Presently before the court are five pretrial criminal motions filed by Defendant William Merriweather contending that the intent and aggravating factors identified in the Government's Notice of Intent to Seek the Death Penalty fail to meet constitutional and statutory requirements. Specifically, Defendant moves to strike the Notice of Intent to Seek the Death Penalty because he alleges that: (1) it includes four separate theories of intent without specifying which mental state Government will rely upon at trial (Doc. 232)1; (2) the Government's allegation of future dangerousness is unconstitutionally speculative and arbitrary (Doc. 233)2; 3) the future dangerousness non-statutory aggravating factor is unconstitutionally vague, confusing to the jury, and duplicative (Doc. 234)3; and (4) the non-statutory aggravating factor of victim impactis overly broad and vague (Doc. 240).4 Defendant also requests that the court order the Government to provide additional information about the proposed aggravating factors of future dangerousness and victim impact aggravating factor. (Doc. 237).5 The Government opposes Defendant's motions and responds that the Notice of Intent to Seek the Death Penalty and the proffered aggravating factors are not constitutionally or statutorily defective. See Government's Response to Defendant's Motion to Dismiss and Strike Victim Impact Information, or, alternatively, to Limit Such Information to the Penalty Phase (Doc. 377, in response to Doc. 240).

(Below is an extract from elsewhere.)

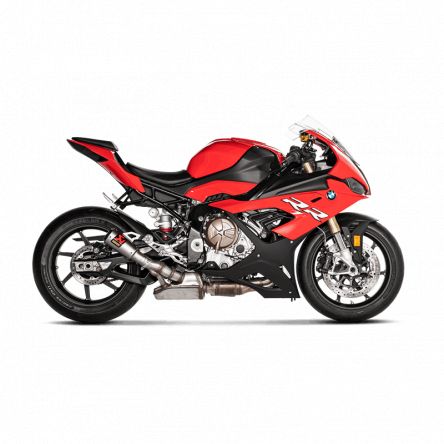 Silencieux Akrapovic S-B10SO11-CBT pour BMW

The court has reviewed the indictment, the notice of intent, and the parties' submissions. For the reasons stated below, Defendant's motions Docs. 232, 233, 234, and 240 are due to be denied. The court defers ruling on the Defendant's Motion to Direct Government Disclosure of Evidence it Intends to Rely (Doc. 237) until after the parties have had an opportunity to exchange discovery.

I. BACKGROUND

The court incorporates by reference its prior rulings that set forth the case's procedural history,6 and will only reference those case events that are particularly relevant to the particular motions currently before the court.

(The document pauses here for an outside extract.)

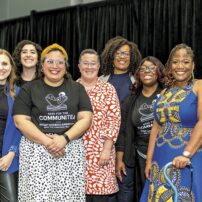 Community Scene - Kitsap Women's Summit 2025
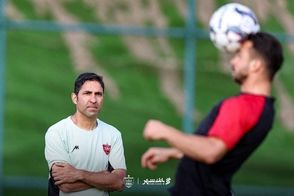 باشگاه پرسپولیس وحید هاشمیان را غافلگیر کرد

Merriweather is charged by indictment with the following: Count One - armed bank robbery by force or violence resulting in death in violation of 18 U.S.C. §§ 2113(a), (d) and (e); Count Two - armed robbery with forced accompaniment in violation of 18 U.S.C. § 2113(a) and (e); Count Three - using or carrying a firearm "during and in relation to [a] crime of violence" in violation of 18 U.S.C. § 924(c)(l)(A); Count Four - violation of 18 U.S.C. §§ 924(c) and (j) by using or carrying a firearm during and in relation to a crime of violence resulting in the death of Eva Hudson; and Count Five - violation of 18 U.S.C. §§ 924(c) and (j) by using or carrying a firearm during and in relation to a crime of violence resulting in the death of Sheila Prevo.

The Indictment contained a Notice of Special Findings alleging that Merriweather possessed the four mens rea factors described in 18 U.S.C. § 3591(a)(2)7 (Doc. 1 at 5-6) and had committed four of the sixteen aggravating factors set forth in 18 U.S.C. § 3592(c).8 (Doc. 1 at 5-6).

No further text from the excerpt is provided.